2. The line (1) according to claim 1, wherein the actuator (182) is configured for moving
the tensioning element (181) according to a predetermined speed profile.
3. The line (1) according to claim 2, wherein the actuator (182) of the adjustment unit
(18) includes an electric motor.
4. The line (1) according to any one of the preceding claims, wherein the adjustment
unit (18) comprises a supplementary tensioning element (185), operatively in contact
with the web and movable in order to vary, as a function of a relative position, the
length of the feed path (P).
5. The line (1) according to claim 4, wherein the supplementary tensioning element (185)
is connected to a damping member (186).
6. The line (1) according to any one of the preceding claims, wherein the adjustment
unit (18) comprises a guide (183") and the tensioning element (181) includes an idle
roller and a slide (183'), configured for translating in the guide (183") of the adjustment
unit (18) and pulling the tensioning element (181) from the first (P1) to the second
(P2) operating position.
7. The line (1) according to any one of the preceding claims, wherein the tensioning
element (181) is oriented parallel to the direction of the weight force.
8. The line (1) according to any one of the preceding claims, comprising a tension sensor
(19), configured for measuring the tension of the web, and wherein the control unit
is configured for receiving tension signals (103), representing the tension of the
web, from the tension sensor (19), for generating control signals (102), as a function
of the tension signals (103), and for instructing the actuator (182), through the
control signals (102), for moving the tensioning element (181).

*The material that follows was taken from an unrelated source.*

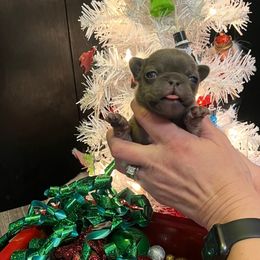 Female - Tricolors female French Bulldog puppy in Union City, Tennessee from West Tennesse Frenchies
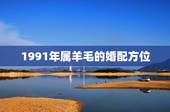 1991年属羊毛的婚配方位，1991年属羊的最佳配偶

9. The line (1) according to any one of the preceding claims, wherein the first motor-driven
roller (11A) is located downstream of the sealing station (14) along the feed path
(P), and/or wherein the second motor-driven roller (11B) is positioned upstream of
the cutting station (15).
10. A method for packaging products in bags comprising the following steps:
- receiving the web from a reel (12A) and intermittent feeding of the web along a
feed path (P) using a succession of forward movements of predetermined spacing;
- folding the web around a folding line (131) oriented along the feed path (P), for
superposing a first and a second flap of the web;
- sealing the first and second flap of the web along sealing lines (141A) oriented
transversely to the folding line (131);
- cutting the packaging web to define a plurality of packaging bags;
- filling the plurality of packaging bags with the product;
- sealing the plurality of bags;
wherein the feeding step includes:
- first succession of forward movements (S1), with a first feed step, using a first
motor-driven roller (11A) arranged for moving the web through the folding and sealing
stations;
- second succession of forward movements (S2) different to that of the first succession
of forward movements (S1), with a second feed step, using a second motor-driven roller
(11B) arranged for moving the web thought the cutting station;
- adjusting the tension of the web by means of an adjustment unit (18) positioned,
on the packaging line, in an intermediate position between the first (11A) and the
second (11B) motor-driven roller along the feed path (P), characterized in that it comprises the following steps:
- controlled movement of a tensioning element (181), connected with the web, between
a first operating position (P1) and a second operating position (P2), by means of
an actuator (182) controlled by a control unit (10), for varying the length of the
feed path (P), wherein in the controlled movement step the control unit (10) receives
the working data (101), representing the first (S1) and a second (S2) successions
of forward movements, generates control signals (102) as a function of the working
data (101) and sends the control signals (102) to the actuator (182), for instructing
it to move tensioning element (181) so as to vary the length of the feed path (P).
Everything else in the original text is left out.